* _Data_

* * * *

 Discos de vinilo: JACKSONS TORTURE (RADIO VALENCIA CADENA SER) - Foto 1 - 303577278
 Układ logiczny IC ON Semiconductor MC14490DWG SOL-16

* * * *

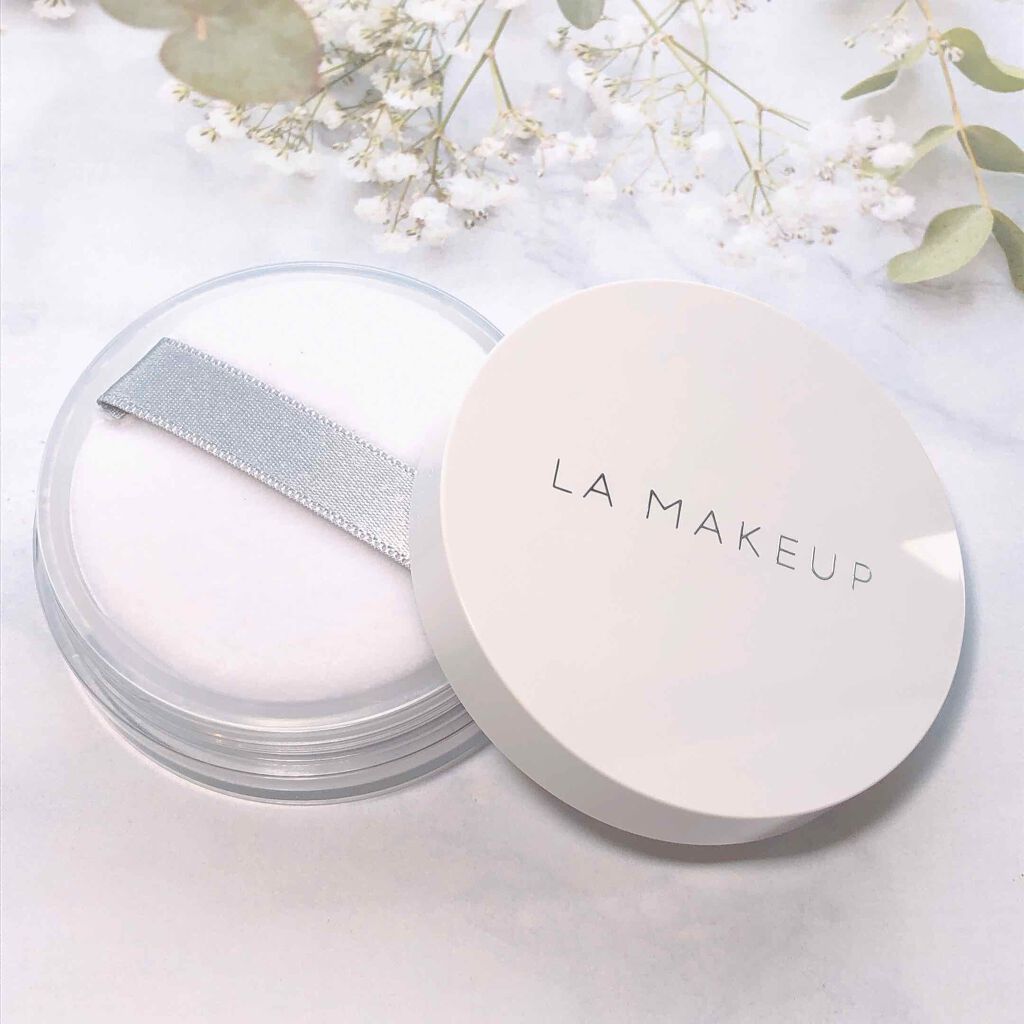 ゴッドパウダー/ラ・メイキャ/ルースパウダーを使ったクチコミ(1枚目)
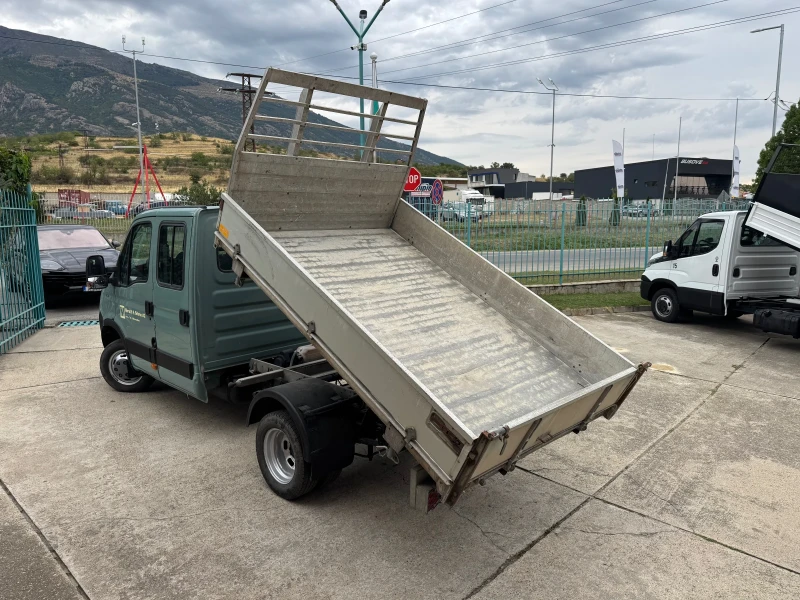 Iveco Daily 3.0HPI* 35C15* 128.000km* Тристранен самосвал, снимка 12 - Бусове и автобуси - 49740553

* * * *

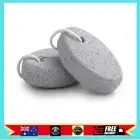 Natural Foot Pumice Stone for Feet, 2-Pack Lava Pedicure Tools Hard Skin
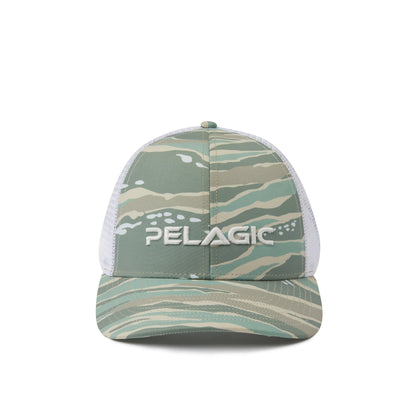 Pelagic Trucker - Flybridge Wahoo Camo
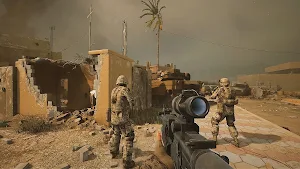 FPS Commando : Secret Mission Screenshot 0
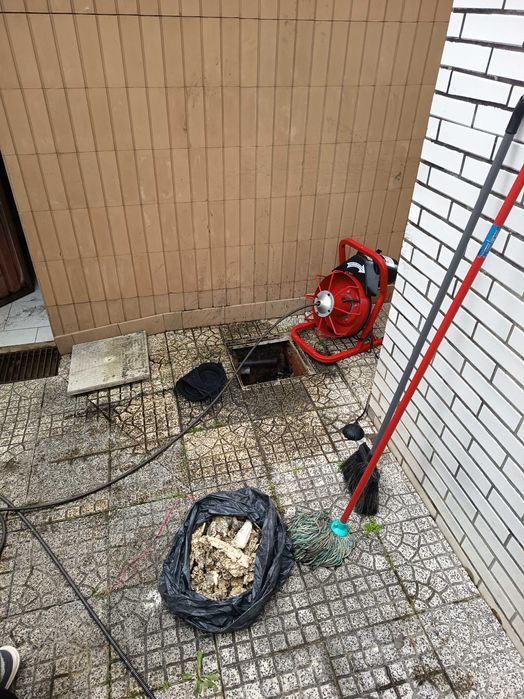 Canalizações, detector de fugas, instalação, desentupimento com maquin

* * * *

* _What to produce_
Would you restate, exactly and with no pictures, the lines of the entries above from the one containing "Natural Foot Pumice" through the one containing "Canalizações, detector de"?

* _Response to the task_
 Natural Foot Pumice Stone for Feet, 2-Pack Lava Pedicure Tools Hard Skin
 Pelagic Trucker - Flybridge Wahoo Camo
 FPS Commando : Secret Mission Screenshot 0
 Canalizações, detector de fugas, instalação, desentupimento com maquin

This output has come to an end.